Estudiosos estão provando que as histórias moldam a cultura
que muito do que acreditamos não tem origem nos fatos,
mas na ficção. Que as nossas ideias
sobre classe, casamento, e até mesmo gênero
são relativamente novas, e muitas ideologias que resistiram à passagem de séculos
foram revisadas no século XVIII, e redesenhadas nas páginas dos primeiros romances.
Imagine um mundo no qual a classe social, e não o trabalho árduo, defina o valor de uma pessoa.
No qual as mulheres são apenas uma cópia não domesticada dos homens.
Um mundo no qual o casamento por amor é uma noção romântica.
Bom, esse foi o mundo no qual surgiu o livro "Pamela", de Samuel Richardson.
A história de amor de Richardson é protagonizada por uma heroína pobre, de classe baixa,
que é moralmente superior e mais inteligente que seu pretendente de classe superior.
O livro, desafiando um monte de tradições,
causou um belo rebuliço.
"Pamela" estava mais presente na mídia que o Parlamento.
O livro suscitou intensos debates e alguns romances em resposta.
Ainda assim, embora muitos não aceitassem "Pamela",
outros estavam ávidos por este novo mundo fictício.
Esse best-seller e todos seus herdeiros literários -
"Orgulho e preconceito", "Jane Eyre", e até "Crepúsculo" -
continuaram a compartilhar o mesmo conto, e ensinaram lições semelhantes,
que agora são convencionais e comuns.
Da mesma forma, os romances ajudaram a moldar a mentalidade
dos líderes intelectuais ao longo da história.
Estudiosos dizem que a teoria da evolução de Darwin
deve muito aos enredos que ele lia e amava.
Sua teoria privilegia a inteligência,
a rapidez e a adaptabilidade para mudar - todas características centrais de um herói.
Que você esteja lendo "Harry Potter" ou "Grandes esperanças",
você está lendo o tipo de enredo que inspirou Darwin.
Mas estudos recentes demonstram que essa pode não ser toda a história:
nossa percepção de ser herói, homem, mulher, ou até espécie,
e aceitar os desafios do mundo, pode estar errada.
Ao invés de sermos programados para competir,
para sermos os heróis solitários da nossa própria história,
poderíamos ser membros de uma missão compartilhada.
Mais Hobbit do que Harry.
Algumas vezes, é claro, os sapatos que estamos usando podem ficar muito gastos.
Afinal, nós não andamos apenas uma milha nos sapatos de Jane Austen ou Mark Twain -
andamos cerca de cem trilhões de milhas.
Isso não quer dizer que não possamos ler e gostar dos clássicos.
Devemos viajar com Dickens,
deixar o Pip ensinar o que esperar de nós mesmos,
conversar com Austen e Elizabeth sobre nossos orgulhos e preconceitos.
Navegar Mississippi abaixo com Twain,
e deixar o Jim nos mostrar o que significa ser bom.
Mas na nossa jornada, devemos nos lembrar
de que o terreno mudou.
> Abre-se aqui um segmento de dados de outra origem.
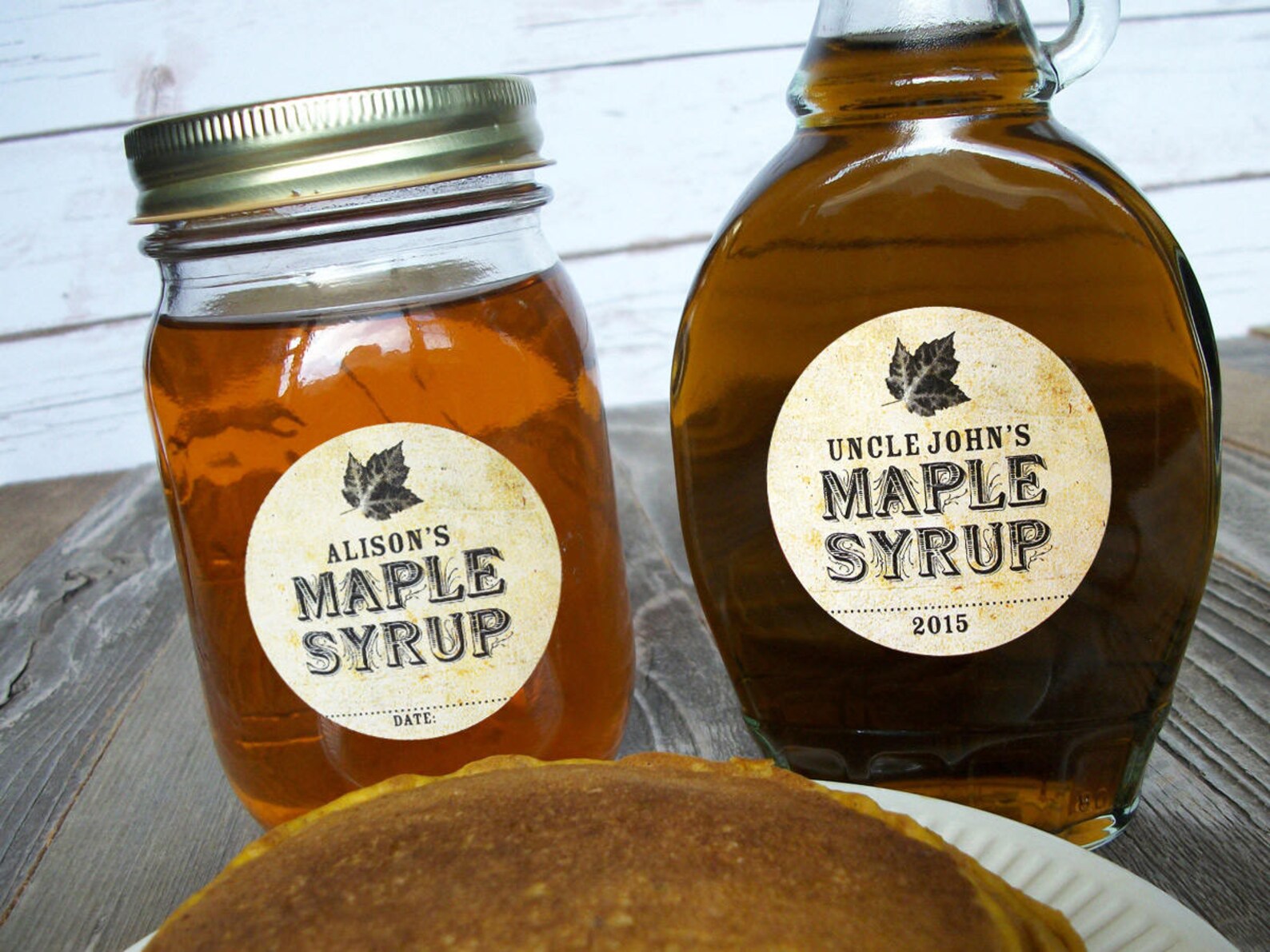 Custom Vintage Maple Syrup bottle labels personalized round Etsy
Vamos comprar
botas que foram feitas para andar em uma nova era.
Vejam por exemplo Katniss Everdeen, e sua batalha contra a Capital.
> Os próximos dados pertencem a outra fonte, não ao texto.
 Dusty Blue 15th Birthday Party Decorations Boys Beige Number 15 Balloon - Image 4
Os "Jogos Vorazes" podem nos fazer repensar o capitalismo?
Podem nos dar uma aula sobre por que o indivíduo não deve se colocar na frente do grupo?
"Feios" reflete os perigos de buscar um corpo perfeito
e deixar a mídia definir o que é bonito?
Os "Seekers" trilharão um caminho para além do aquecimento global?
As lutas de vida ou morte de Toklo, Kallik, Lusa
e dos outros ursos mapearão um rumo para entender os animais
e o nosso lugar no mundo deles?
Apenas o futuro dirá que histórias vão envolver nossa imaginação,
que histórias de faz-de-conta faremos amanhã,
mas a boa notícia é essa:
todos os dias há novas histórias nas quais se aventurar.
Novos contos que prometem influenciar, criar e instigar mudanças.
Histórias que você mesmo pode escrever.
Então acredito que a pergunta final é essa:
qual a próxima história que você vai explorar?